Meanwhile, the train companies are turning over an estimated 90 per cent of their profits to shareholders, while receiving taxpayer subsidies to the tune of £1.2bn a year.

So it’s no wonder that people are gathering at train stations around the country to protest against the latest rail fare hikes and to call for re-nationalisation of the UK’s rail industry.

However the re-privatisation of the publicly-owned East Coast mainline – which returned profits of £1bn to the taxpayer, while improving efficiency and passenger numbers – proves the government is committed blindly to privatisation despite whatever counter arguments reality slings at it.

As it turns out, that little thing called "reality" has some pretty heavyweight arguments on its side. We just have to turn to Europe, where predominantly state-owned rail services consistently outperform the UK’s.

Let’s start with fares. A report by Transport for Quality of Life shows that UK rail fares are consistently higher than Germany, Switzerland, the Netherlands, Sweden, Italy, Spain and France, and across all types of fares. These are all countries where the rail networks are over 80 per cent publicly owned.

Perhaps the UK's extortionate prices would be justified if it led to a greater quality and efficiency of service. But the government-commissioned McNulty report found a 40 per cent "efficiency gap" between the UK and Europe’s rail systems. Other independent reports in 2010 and 2012 found the UK’s rail system amongst the worst in Europe for efficiency and comfort.

So why do we have one of the most expensive and worst-run rail systems in Europe? And how on earth can the Government continue to oppose re-nationalisation?

The answer to the first question is that we have an overly-complex and fractured rail system. It has too many operators, a web of complex tiers of contractors and sub-contractors, and an admin-heavy, bureaucratic infrastructure, which has cost us £11bn in public funds.

The publicly owned systems in Germany, Switzerland and other European countries operate on a far simpler system. They have one dominant publicly owned train operator, and one publicly owned rail infrastructure manager. By comparison, the UK has 23 train operators and a hopelessly atomised infrastructure.

Which leaves us only with the second question: why is the Government so opposed to a publicly-owned rail system? A year ago you’d be forgiven for thinking it was to keep Network Rail’s £34bn debt off their balance sheet. However in September, following an EU edict, Network Rail was more or less forced to be classified as a public body (although according to the Financial Times, the Government are already planning ways to move the debt off the balance sheet once more).
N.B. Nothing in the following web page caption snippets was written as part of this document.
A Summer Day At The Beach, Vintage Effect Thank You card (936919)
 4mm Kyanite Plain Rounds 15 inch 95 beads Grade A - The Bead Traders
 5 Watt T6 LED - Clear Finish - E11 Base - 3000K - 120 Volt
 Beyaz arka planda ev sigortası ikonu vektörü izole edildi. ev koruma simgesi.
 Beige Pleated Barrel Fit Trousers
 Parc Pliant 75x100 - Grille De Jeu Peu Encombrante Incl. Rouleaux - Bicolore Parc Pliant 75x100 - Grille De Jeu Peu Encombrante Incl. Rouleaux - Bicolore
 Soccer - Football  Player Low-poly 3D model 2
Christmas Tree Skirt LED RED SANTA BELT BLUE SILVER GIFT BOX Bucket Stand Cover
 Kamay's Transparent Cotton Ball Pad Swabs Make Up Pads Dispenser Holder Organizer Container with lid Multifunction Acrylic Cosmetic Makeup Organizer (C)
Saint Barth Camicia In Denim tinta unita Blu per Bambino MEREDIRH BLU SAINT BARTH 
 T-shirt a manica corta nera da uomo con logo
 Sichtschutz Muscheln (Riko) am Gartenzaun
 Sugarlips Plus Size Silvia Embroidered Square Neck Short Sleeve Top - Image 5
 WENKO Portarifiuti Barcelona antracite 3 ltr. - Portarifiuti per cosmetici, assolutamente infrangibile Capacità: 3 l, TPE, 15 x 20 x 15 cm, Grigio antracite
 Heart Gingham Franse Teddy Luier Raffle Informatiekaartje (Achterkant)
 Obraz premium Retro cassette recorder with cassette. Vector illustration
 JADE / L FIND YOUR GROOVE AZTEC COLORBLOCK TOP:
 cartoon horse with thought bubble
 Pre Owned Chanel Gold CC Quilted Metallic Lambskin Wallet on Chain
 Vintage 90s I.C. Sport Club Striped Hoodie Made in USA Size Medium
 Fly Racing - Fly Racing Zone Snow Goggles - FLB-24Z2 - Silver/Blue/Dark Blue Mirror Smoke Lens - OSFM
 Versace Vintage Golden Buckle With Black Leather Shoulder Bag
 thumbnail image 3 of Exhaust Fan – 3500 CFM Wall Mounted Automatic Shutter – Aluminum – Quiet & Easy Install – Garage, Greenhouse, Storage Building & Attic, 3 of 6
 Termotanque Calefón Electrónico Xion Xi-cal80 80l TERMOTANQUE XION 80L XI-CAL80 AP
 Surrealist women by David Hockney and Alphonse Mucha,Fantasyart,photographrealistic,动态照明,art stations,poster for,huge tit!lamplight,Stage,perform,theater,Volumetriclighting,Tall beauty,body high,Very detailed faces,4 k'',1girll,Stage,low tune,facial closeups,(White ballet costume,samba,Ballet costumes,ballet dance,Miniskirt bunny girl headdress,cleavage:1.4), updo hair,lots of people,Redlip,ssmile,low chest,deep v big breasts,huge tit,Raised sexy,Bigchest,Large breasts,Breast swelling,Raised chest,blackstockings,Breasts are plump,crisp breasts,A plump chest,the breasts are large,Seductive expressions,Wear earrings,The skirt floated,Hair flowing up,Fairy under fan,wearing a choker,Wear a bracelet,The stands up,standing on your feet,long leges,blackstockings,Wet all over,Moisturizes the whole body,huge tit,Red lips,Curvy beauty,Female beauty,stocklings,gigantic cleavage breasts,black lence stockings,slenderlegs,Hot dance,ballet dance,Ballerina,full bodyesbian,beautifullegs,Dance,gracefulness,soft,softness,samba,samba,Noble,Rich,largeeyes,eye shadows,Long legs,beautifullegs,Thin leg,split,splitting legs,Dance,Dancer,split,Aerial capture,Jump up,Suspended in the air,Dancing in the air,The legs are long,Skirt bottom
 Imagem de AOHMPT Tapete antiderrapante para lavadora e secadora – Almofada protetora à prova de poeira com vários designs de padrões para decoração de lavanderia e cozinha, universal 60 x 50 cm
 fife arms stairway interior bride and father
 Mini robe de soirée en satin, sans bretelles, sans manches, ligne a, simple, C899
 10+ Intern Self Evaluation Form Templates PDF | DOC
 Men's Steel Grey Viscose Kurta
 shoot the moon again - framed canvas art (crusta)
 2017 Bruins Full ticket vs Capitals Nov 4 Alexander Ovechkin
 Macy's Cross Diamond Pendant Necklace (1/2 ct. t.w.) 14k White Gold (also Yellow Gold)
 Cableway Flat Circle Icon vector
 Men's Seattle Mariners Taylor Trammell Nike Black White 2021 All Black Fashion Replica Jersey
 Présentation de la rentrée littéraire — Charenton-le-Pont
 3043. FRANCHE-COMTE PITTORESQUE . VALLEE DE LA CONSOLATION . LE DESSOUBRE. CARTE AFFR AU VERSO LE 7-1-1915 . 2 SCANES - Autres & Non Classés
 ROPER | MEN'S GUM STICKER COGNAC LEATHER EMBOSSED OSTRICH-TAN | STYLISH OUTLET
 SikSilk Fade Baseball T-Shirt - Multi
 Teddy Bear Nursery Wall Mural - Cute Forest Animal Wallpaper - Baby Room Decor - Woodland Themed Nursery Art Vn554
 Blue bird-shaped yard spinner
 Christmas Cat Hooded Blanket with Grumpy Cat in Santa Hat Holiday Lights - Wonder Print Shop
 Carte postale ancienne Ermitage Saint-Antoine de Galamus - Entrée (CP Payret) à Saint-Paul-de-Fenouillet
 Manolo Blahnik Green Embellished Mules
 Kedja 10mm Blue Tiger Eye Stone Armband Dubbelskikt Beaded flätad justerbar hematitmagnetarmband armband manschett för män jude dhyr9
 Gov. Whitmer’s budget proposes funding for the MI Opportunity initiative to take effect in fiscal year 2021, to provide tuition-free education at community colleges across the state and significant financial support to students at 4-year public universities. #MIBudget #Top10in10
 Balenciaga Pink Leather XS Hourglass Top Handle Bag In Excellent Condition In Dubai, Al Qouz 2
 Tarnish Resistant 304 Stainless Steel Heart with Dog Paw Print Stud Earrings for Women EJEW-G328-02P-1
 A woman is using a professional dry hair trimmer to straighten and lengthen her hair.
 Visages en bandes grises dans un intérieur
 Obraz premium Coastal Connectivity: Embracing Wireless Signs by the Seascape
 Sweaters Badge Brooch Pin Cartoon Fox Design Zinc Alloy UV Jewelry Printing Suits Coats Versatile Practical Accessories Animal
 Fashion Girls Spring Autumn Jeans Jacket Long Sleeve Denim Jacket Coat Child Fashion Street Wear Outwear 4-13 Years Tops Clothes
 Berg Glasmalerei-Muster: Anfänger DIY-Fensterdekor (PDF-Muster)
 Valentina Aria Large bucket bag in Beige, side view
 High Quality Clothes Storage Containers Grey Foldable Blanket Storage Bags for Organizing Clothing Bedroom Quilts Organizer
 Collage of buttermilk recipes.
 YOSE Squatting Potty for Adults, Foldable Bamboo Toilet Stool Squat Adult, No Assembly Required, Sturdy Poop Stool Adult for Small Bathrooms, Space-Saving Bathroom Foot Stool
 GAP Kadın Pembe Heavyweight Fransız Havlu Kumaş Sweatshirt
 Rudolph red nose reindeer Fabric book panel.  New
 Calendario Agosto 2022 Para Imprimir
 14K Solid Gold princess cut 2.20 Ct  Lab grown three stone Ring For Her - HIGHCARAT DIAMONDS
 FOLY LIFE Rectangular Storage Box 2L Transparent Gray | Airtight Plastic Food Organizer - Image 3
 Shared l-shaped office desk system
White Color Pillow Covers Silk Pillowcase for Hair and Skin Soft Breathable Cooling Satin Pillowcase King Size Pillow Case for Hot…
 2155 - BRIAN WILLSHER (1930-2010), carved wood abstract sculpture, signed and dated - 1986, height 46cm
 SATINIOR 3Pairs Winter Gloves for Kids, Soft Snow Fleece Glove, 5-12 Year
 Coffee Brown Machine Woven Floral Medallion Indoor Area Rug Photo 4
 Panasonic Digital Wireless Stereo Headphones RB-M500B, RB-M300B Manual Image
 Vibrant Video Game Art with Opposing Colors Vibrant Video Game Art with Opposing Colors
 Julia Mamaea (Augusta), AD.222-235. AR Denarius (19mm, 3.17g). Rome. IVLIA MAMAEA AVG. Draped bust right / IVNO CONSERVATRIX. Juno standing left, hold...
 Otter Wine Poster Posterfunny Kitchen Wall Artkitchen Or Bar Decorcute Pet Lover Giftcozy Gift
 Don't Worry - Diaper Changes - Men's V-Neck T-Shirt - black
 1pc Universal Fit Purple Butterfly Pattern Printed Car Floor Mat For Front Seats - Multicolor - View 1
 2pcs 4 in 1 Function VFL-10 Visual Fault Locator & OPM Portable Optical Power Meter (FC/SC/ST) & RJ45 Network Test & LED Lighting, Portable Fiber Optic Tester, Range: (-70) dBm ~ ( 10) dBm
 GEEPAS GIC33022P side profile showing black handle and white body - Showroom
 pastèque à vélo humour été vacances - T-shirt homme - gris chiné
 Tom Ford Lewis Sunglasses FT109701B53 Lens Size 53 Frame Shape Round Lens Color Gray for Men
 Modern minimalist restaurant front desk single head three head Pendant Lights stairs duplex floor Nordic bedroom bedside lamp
Perhaps then it is the cost, which in 2004, Blair and Brown claimed would be £22bn. But Caroline Lucas’s Railways Bill, which will get its second hearing in the House of Commons on Friday, would avoid large one-off payouts by a gradual re-nationalisation, where franchises are bought up when they expire or fail.

On top of this, we'd save money on the huge subsidies already paid to private train companies either directly or through Network Rail handouts. Besides, the example of East Coast mainline shows that publicly-operated train companies can actually make money for the country rather than just swallowing it.

So what else could it be? Embarrassment that the Tory policy of privatising everything doesn’t always work? Or, more cynically, that it fits in with the overarching Tory agenda of siphoning money from the bottom to the top half of society, via taxpayer handouts to private corporations?

I know which one I think. But then again, I’m a bit of a conspiracy theorist.